§ **Your goal**
Give the listing again in full and exactly, apart from its pictures.

§ **Collected data**
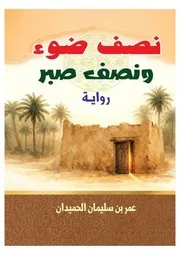 رواية نصف ضوء ونصف صبر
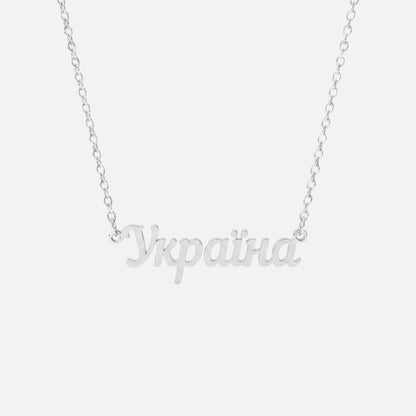 Custom Language Necklace in Ukrainian, silver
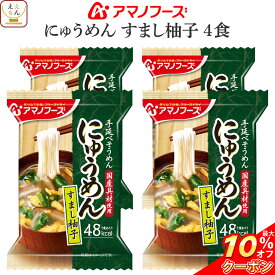 ＼ クーポン 配布中／ アマノフーズ フリーズドライ にゅうめん すまし柚子 4食 （ 国産具材使用 ） 備蓄 非常食 父の日 2024 内祝い ギフト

§ **Result for this exercise**
 رواية نصف ضوء ونصف صبر
 Custom Language Necklace in Ukrainian, silver
 ＼ クーポン 配布中／ アマノフーズ フリーズドライ にゅうめん すまし柚子 4食 （ 国産具材使用 ） 備蓄 非常食 父の日 2024 内祝い ギフト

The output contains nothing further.